WHAT TO DO. What you output must match, exactly, the lines from the start of the records to the line containing "Professor Layton Repeated", both ends kept and pictures excluded.

DATA PROVIDED.
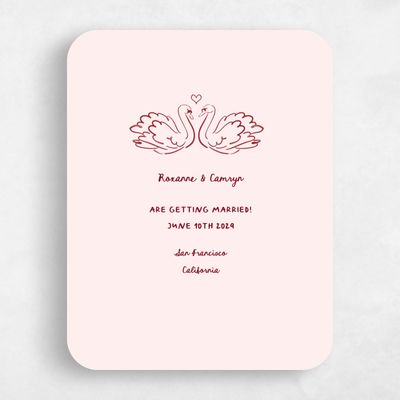 Pink Rounded Wedding Save the Date - Somero Classic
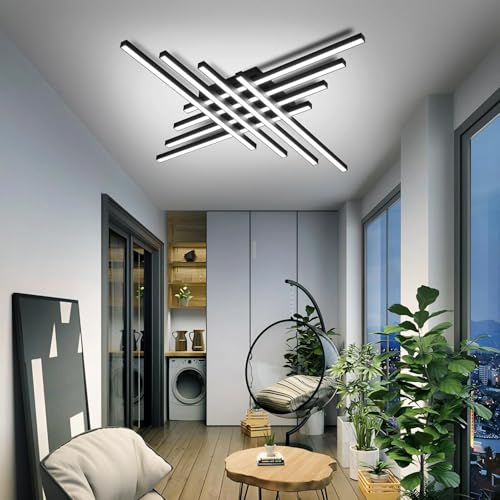 47" Black Modern LED Ceiling Light Fixtures With Remote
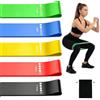 Generic Fasce elastiche per esercizi, 5 pezzi, in silicone, da 4,5 a 22,7 kg, per allenare gambe, fianchi, braccia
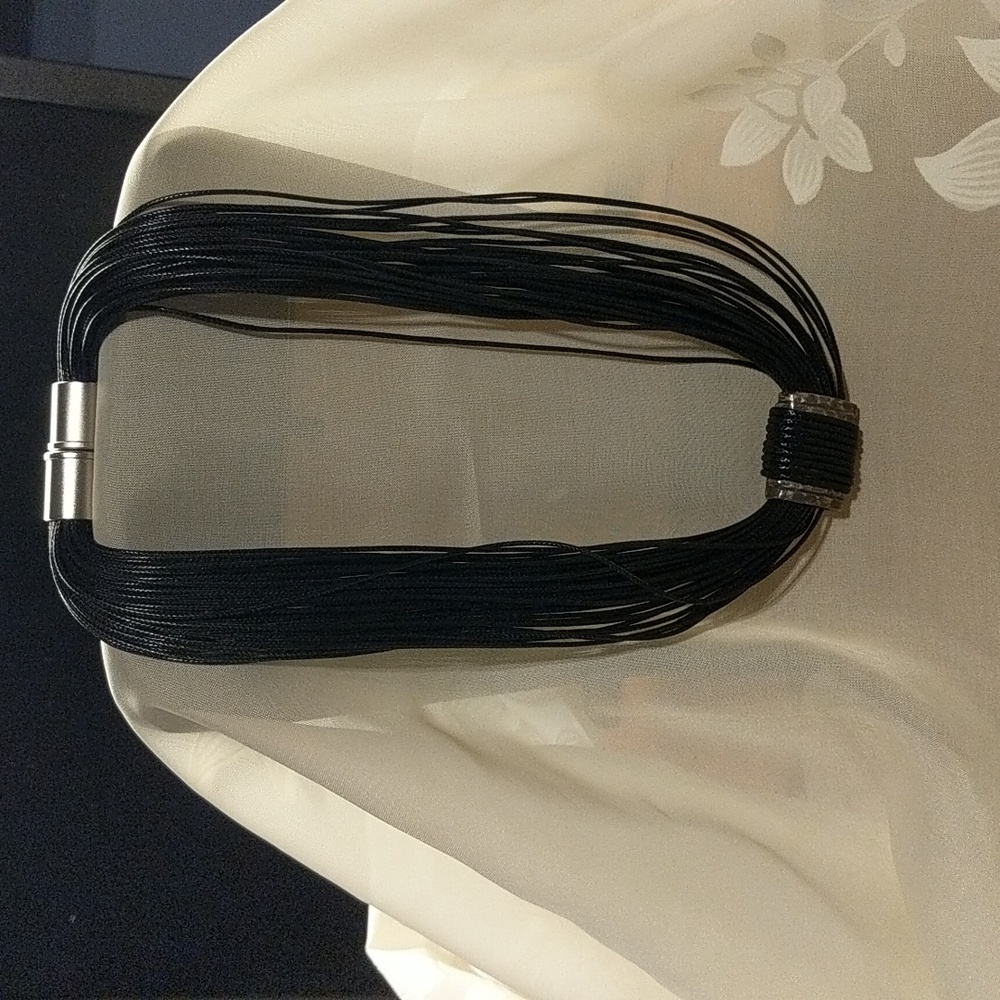 Necklace Black Faux Leather Strands Choker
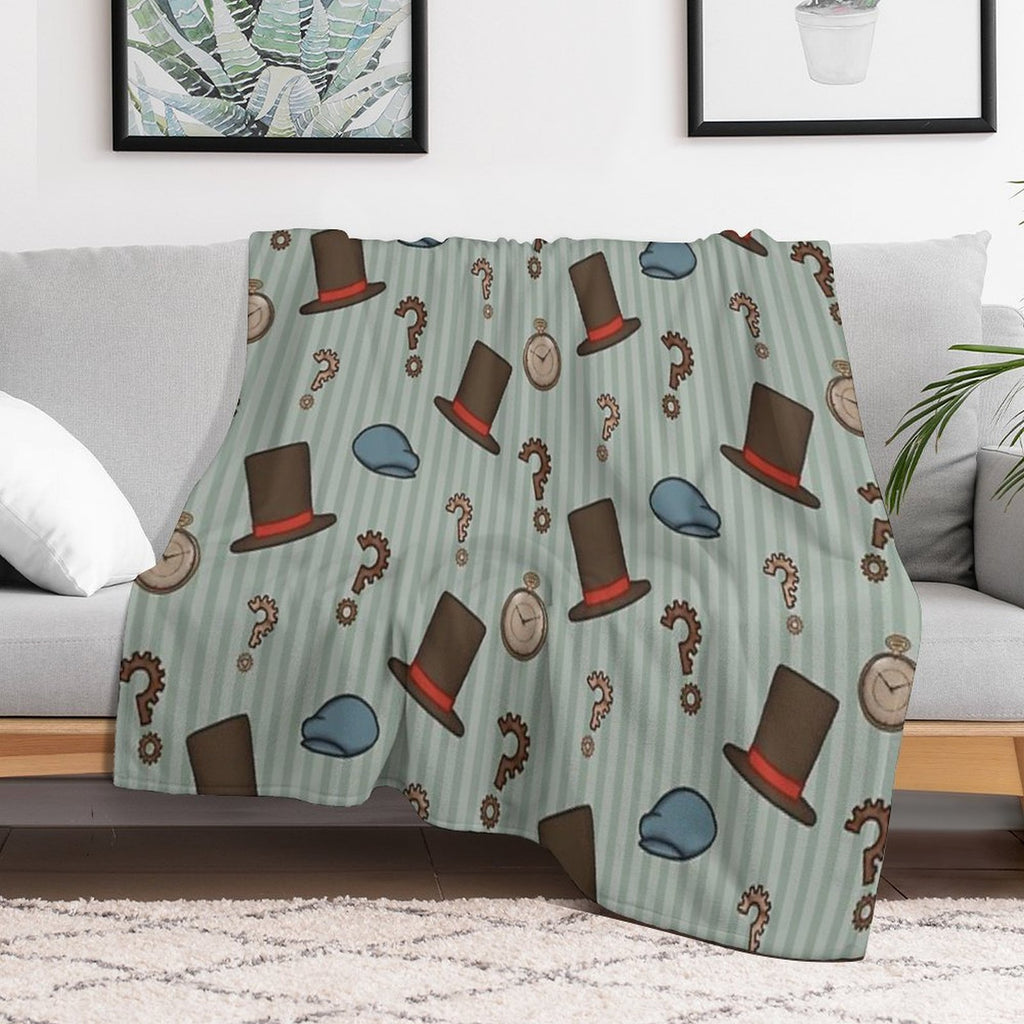 Professor Layton Repeated Pattern (Green) Easy Care Throw Blanket
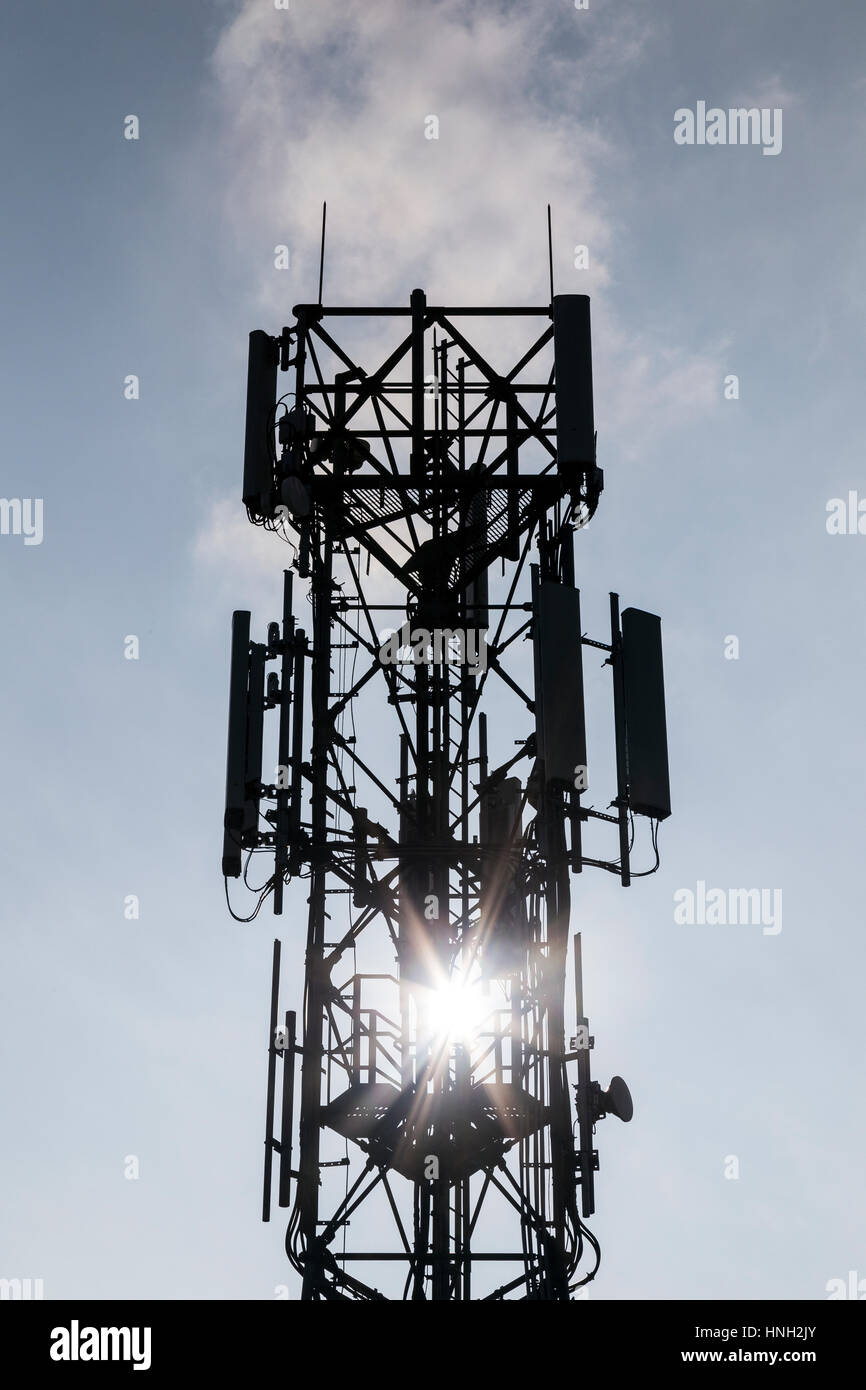 Telecommunication  phone mast with Aerial and antennas communication, mast, mobile,, one, phone, portrait, radio, receive, receiver, signals, Stock Photo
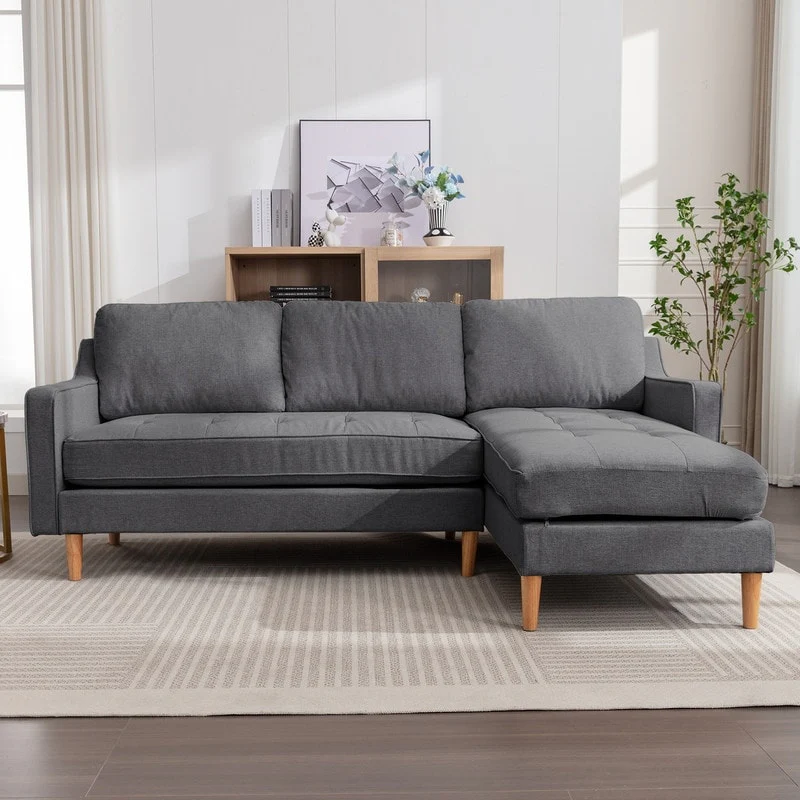 Mixoy L-Shaped Couch,Futon 3-Seat Sectional Sofa with Chaise Lounge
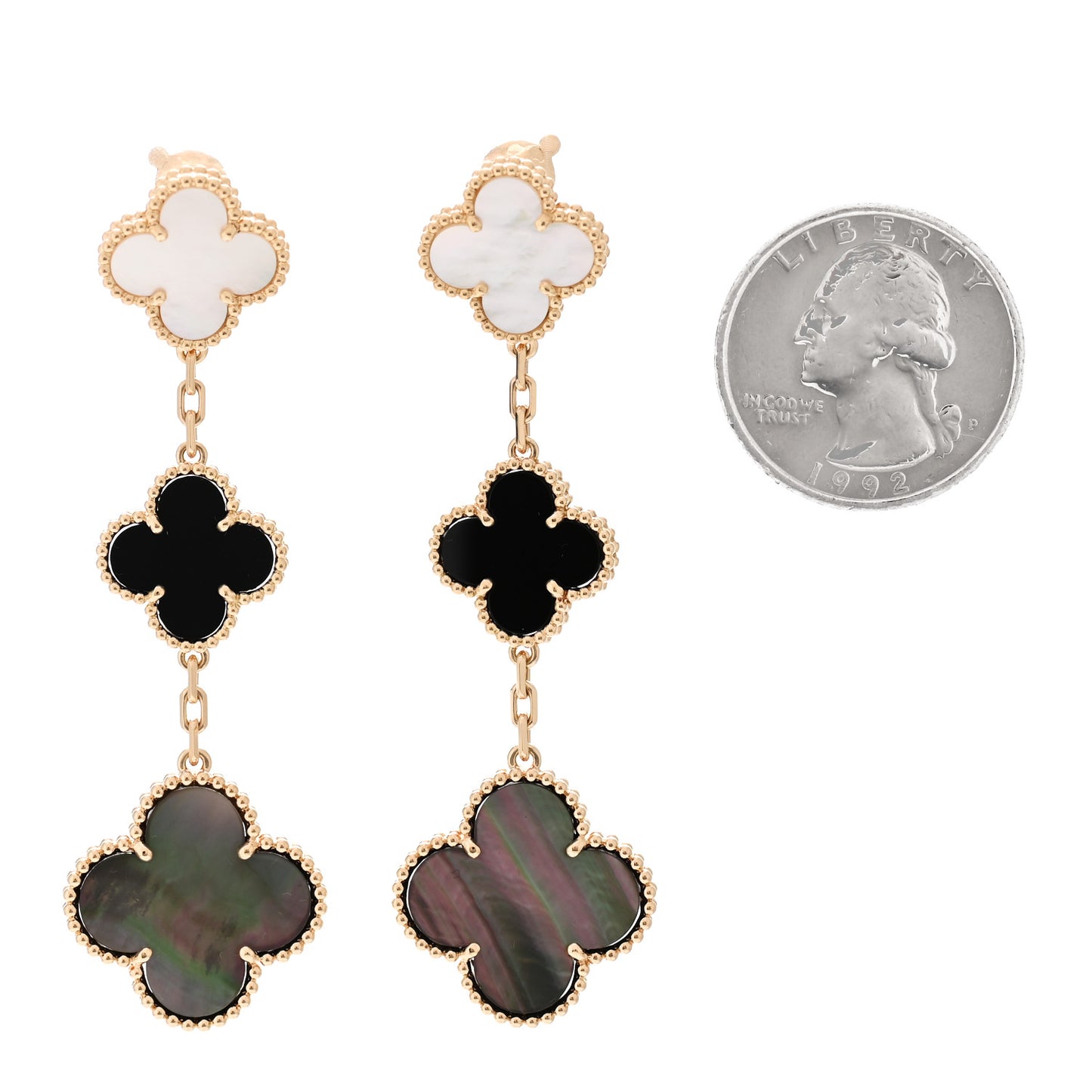 18K Yellow Gold Mother of Pearl Black Onyx 3 Motifs Magic Alhambra Earrings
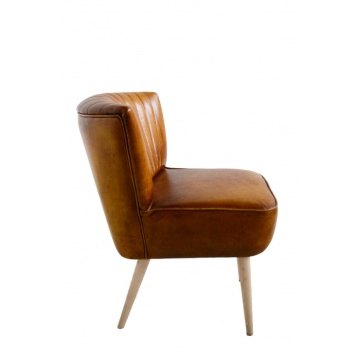 Scaun dining tapițat retro din piele naturală și lemn de fag, maro, cu spătar în canale verticale și picioare conice, 82 x 61 x 68 cm, „Marlon” - Img 4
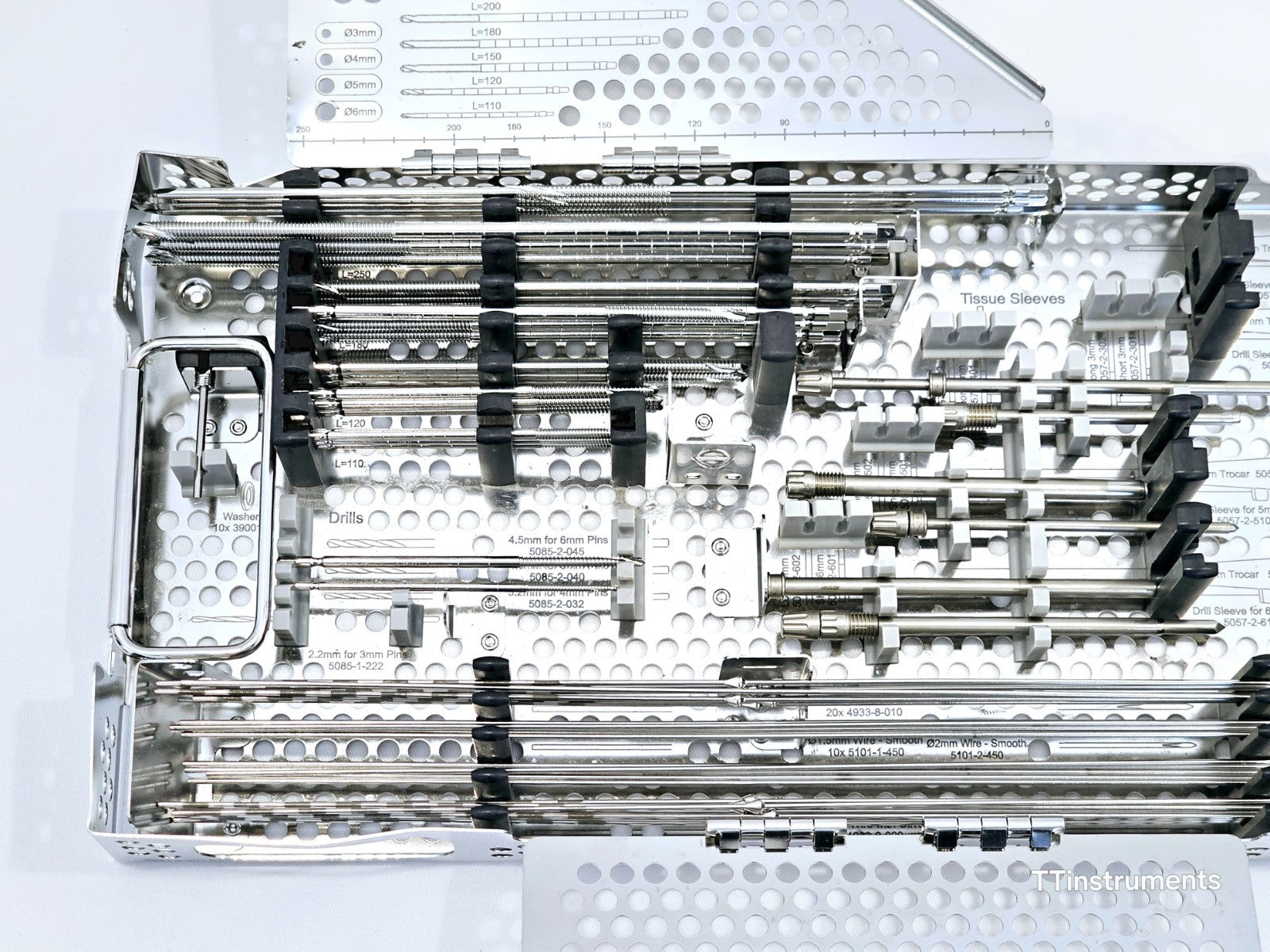 Stryker LRF connecting rods and external fixation components laid out for inspection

OUTPUT OF THE EXERCISE.
 Pink Rounded Wedding Save the Date - Somero Classic
 47" Black Modern LED Ceiling Light Fixtures With Remote
 Generic Fasce elastiche per esercizi, 5 pezzi, in silicone, da 4,5 a 22,7 kg, per allenare gambe, fianchi, braccia
 Necklace Black Faux Leather Strands Choker
 Professor Layton Repeated Pattern (Green) Easy Care Throw Blanket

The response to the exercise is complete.